O vômito
Talvez não tenha sido uma boa idéia.
Não exatamente boa, mas razoável.
Enfiar o dedo na goela, em parte, tratava-se de um plano emergencial para se esguiar da miséria e do tédio. O vômito em si era parte imprescindível. Mas era o ápice. Antes dele, eram necessários dezenas, talvez centenas, de movimentos, voluntários e involuntários, que descreviam a mesma importância para a realização de todo o plano orquestral.

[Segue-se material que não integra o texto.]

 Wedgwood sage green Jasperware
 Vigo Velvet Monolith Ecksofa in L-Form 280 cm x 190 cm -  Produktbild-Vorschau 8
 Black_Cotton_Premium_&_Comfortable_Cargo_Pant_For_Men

Era necessário cada músculo abdominal, cada vontade ínfima de suas enzimas, cada comando neural, cada gesto de desespero, cada franzimento abrupto na testa e em volta dos olhos, que culminariam no expelir do líquido quente e orgânico. Também era extremamente necessário o formato milimetricamente circular da boca que se deixava cair aberta. A língua semi-projetada para fora. Quase livre. Querendo, impulsivamente, escapulir do frêmito interno vindouro.
Era necessário também que o mundo parasse para apreciar aquele som que seria emitido – o som da derrota, e do nojo.

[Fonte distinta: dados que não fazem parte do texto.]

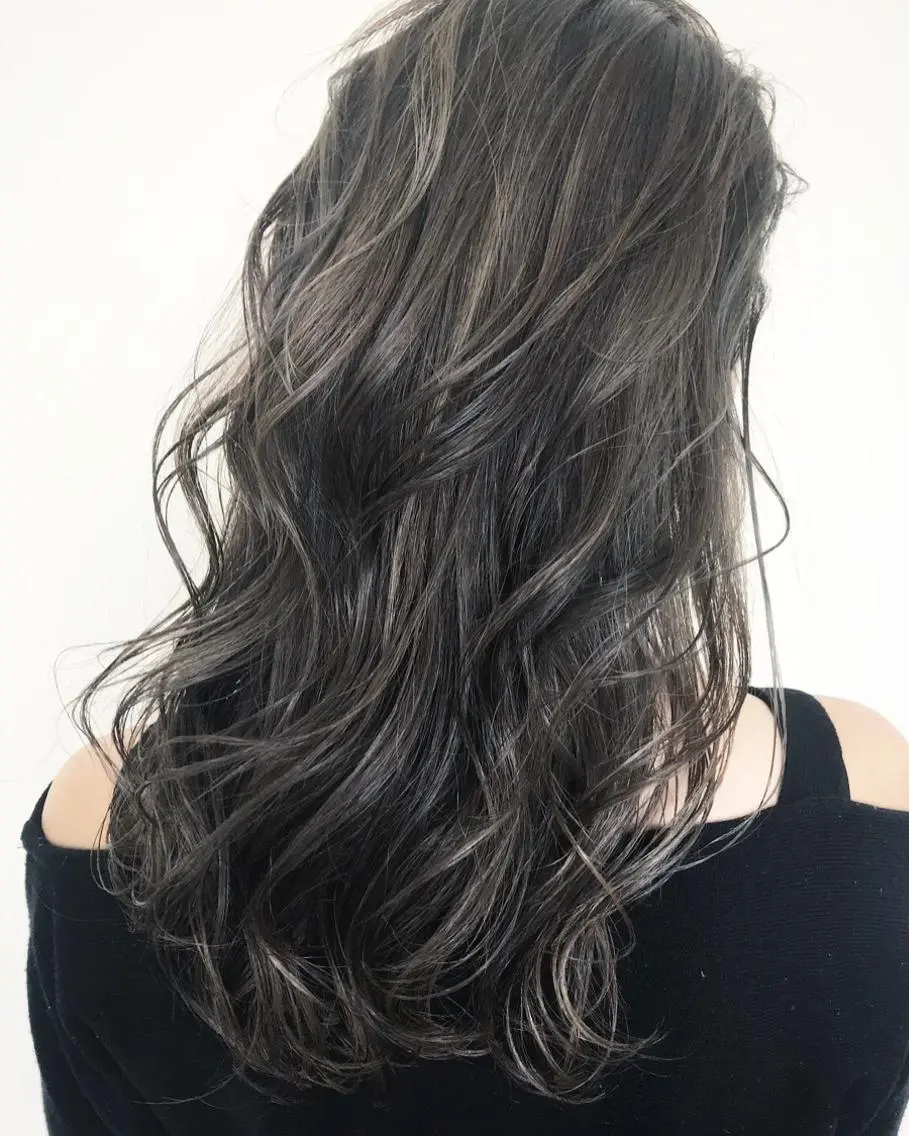 セミロング カラー 髪質改善サロン ARCHE野瀬冬馬のヘアスタイル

Nojo de tudo que se movia e que inspirava alguma confiabilidade. A confiabilidade é dispensável. Pelo menos no momento do vômito. Nesse mundo, tudo é dispensável quando se encontram razões pelas quais se mover e com as quais se ocupar.
E ela vivia para vomitar – seus sucos gástricos, e toda a mediocridade que ela era impelida a engolir todo dia. Todo santo dia.
5 comentários:
Ótimo texto!
Para mim, o vômito tem um sentido de algo não dito, de algo que precisa ser lançado para fora.. emoções, mágoas, palavras..
Beatriz
CARTAS AO AVESSO
Ótimo!
Adorei... o 'frêmito interno vindouro' está impagável...
É, às vezes, deglutimos, às vezes, o melhor é vomitar...
Beijos
Muito boa verbalização das palavras ! Argumentos lúcidos, distantes de manipulações ideológicas , tornam este texto algo intrínseco e coeso. Muito bom !
Vomitar é sempre bom...depois que sai tudo.
Ingerimos tudo:amores, ideologias, costumes, culturas, bandeiras, identidades... O vomito é um passaro que foge da gaiola.